Porque o ar está poluído de berros lancinantes

Aí, então, tentamos explicar o mal do mundo

Mas ninguém nos ouve,

Ninguém tem ouvidos para estas coisas.

Somos vítimas sintomáticas

Do nosso desinteresse pela vida

Pela nossa apropriação sôfrega

Das migalhas e farrapos da alegria

Sobradas do contínuo festim da violência

A solidariedade humana é uma doutrina

De condenados à morte, imediatos

O amor é o privilégio dos que vivem

Sob risco de vida, nos andaimes do mundo

Sob a marca da fatalidade planejada, marginal

Debaixo das ordens de guerra e destruição

O paradoxo do amor é sua própria destruição

Quem entende de perigos é o equilibrista.

Quem sabe da felicidade

É o recém-afogado no mar

Certas facilidades de sobrevivência

Egoístas e pessoais castram no homem

Sua sensibilidade geral

A notícia do mundo é tão tragicamente forte

Que a humanidade devia chorar

E se afogar num autodilúvio de lágrimas

Ou então refletir sobre as formas de tortura

Repensar as várias modalidades de assassinato

Mastigar a fome e engoli-la sem água

O homem está calmo e feliz

À espera de que invadam sua casa

Atirem sobre seu filho e violentem sua mulher.

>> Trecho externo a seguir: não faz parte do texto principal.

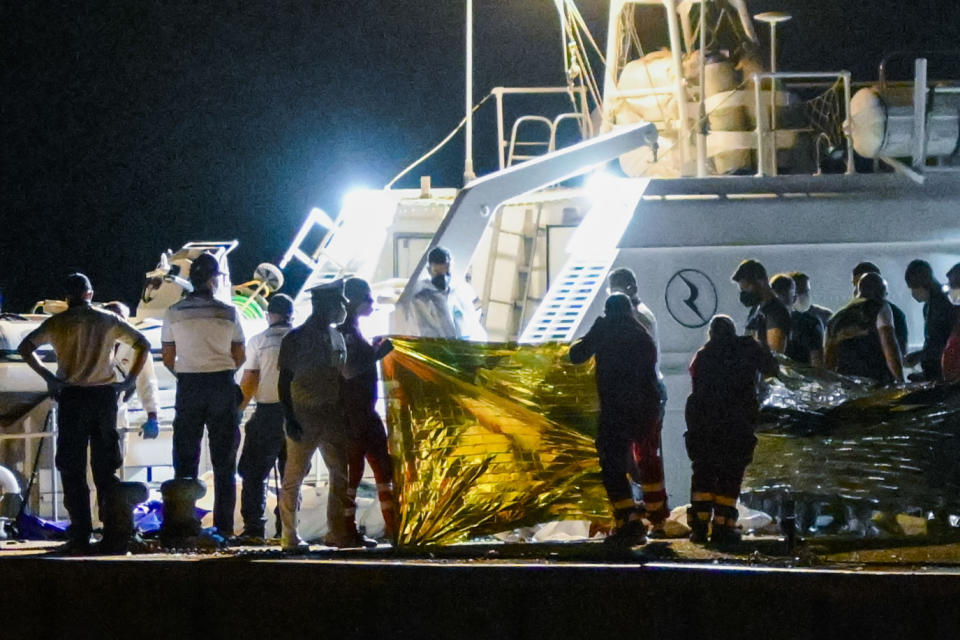 FILE - The bodies of some of the 64 migrants missing in the Mediterranean Sea after their ship wrecked off Italy's southern coast are disembarked at the Italian southern port-city of Roccella Ionica, early Wednesday, June 19, 2024. The Italian coast guard on Thursday recovered 12 bodies from a weekend shipwreck in the Ionian Sea off the southern Italian coast line, bringing to 20 the number of known victims. Dozens more were missing and presumed dead. (AP Photo/Valeria Ferraro, File)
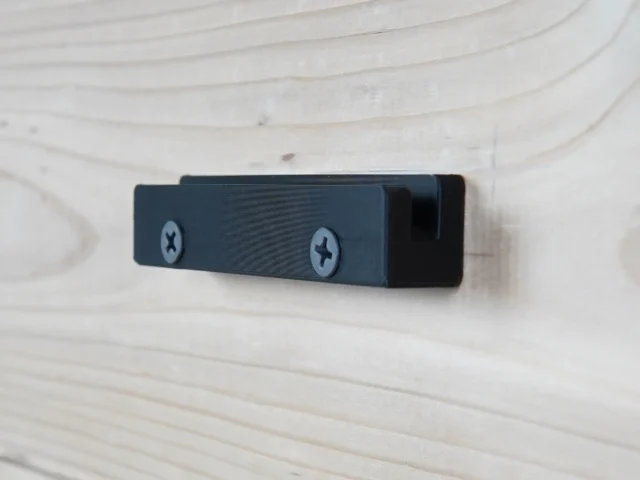Dark blue wall mount with two Phillips screw holes, mounted horizontally on light wood
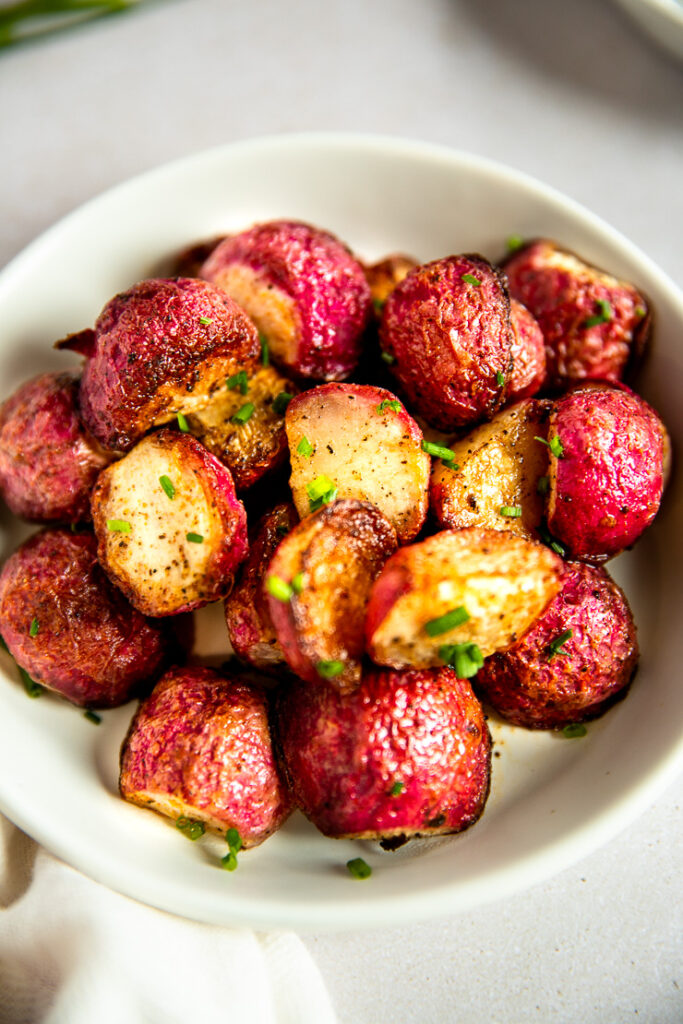 A close up of the crispy, roasted halves of roasted radishes with chives.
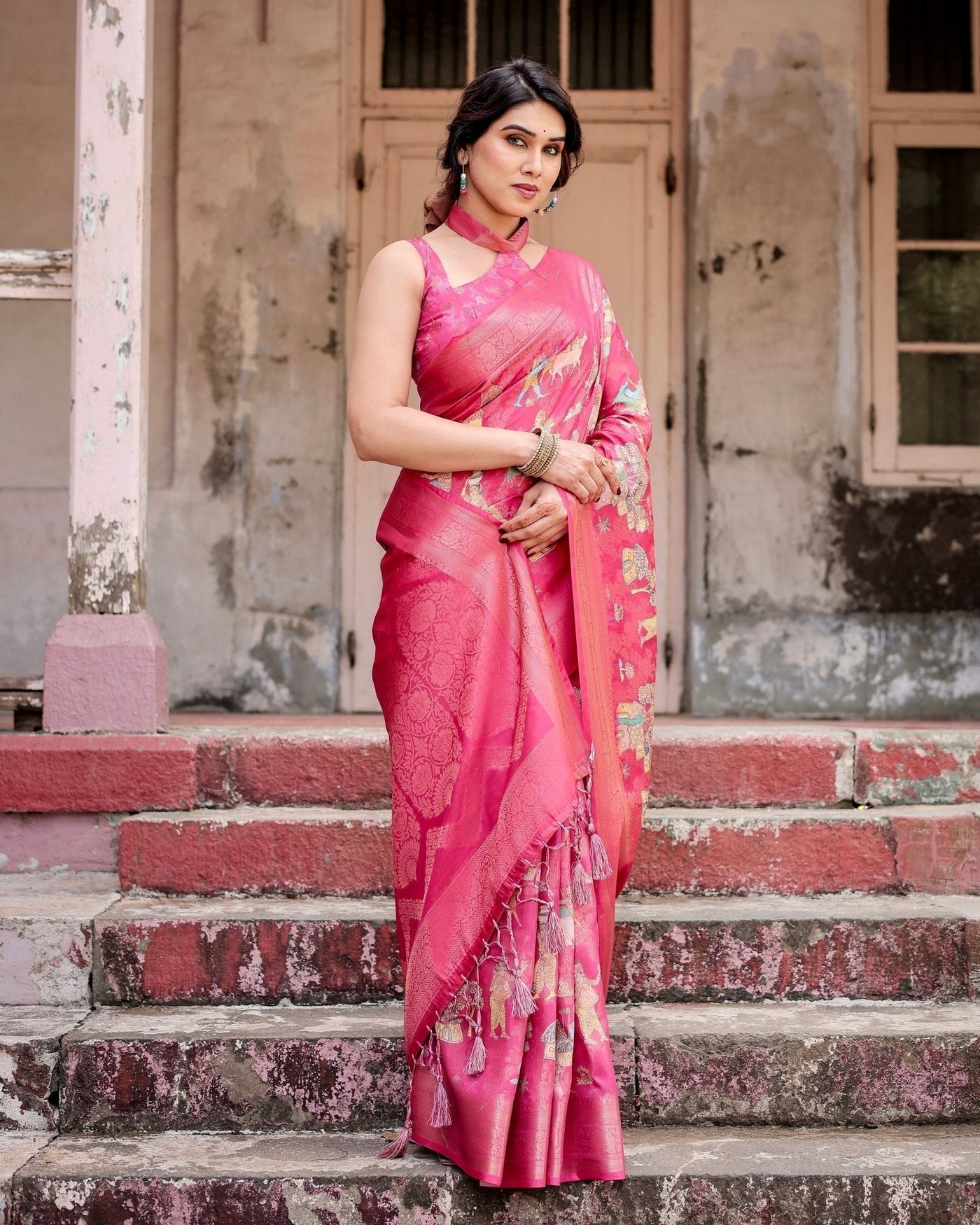Regal Pink Banarasi Silk Saree with Zari Weave and Intricate Tassels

Isso já aconteceu, só falta perceber

(...)

É preciso começar alguma coisa

Que liberte a vida

Que não limite o conhecimento

Pelas grades dos sentidos

Olhos, ouvidos, olfatos, tato e sonho.

Só uma consciência em cacos

Entende um mundo despedaçado

Só um ser inacabado e abandonado

Tem terror do finito e do infinito.

É preciso seres desiguais e concordantes

Ao invés de iguais e discordantes

E isso já basta para uma nova forma de amor.

 

Senhor!

Deixa que eu seja como a flor do mato

Semeada pelo vento ao sabor do acaso

 

Senhor!

Deixa eu ser como o riacho louco que desenha

Em curvas inúteis sua própria estrada

 

Senhor!

Deixa eu ser como a ave

Que acaba de aprender a usar as asas

Mas não sabe para onde voar, apenas voa

 

Senhor!

Deixa que eu viva em constante amor

Sem poder saber nunca o que é o amor.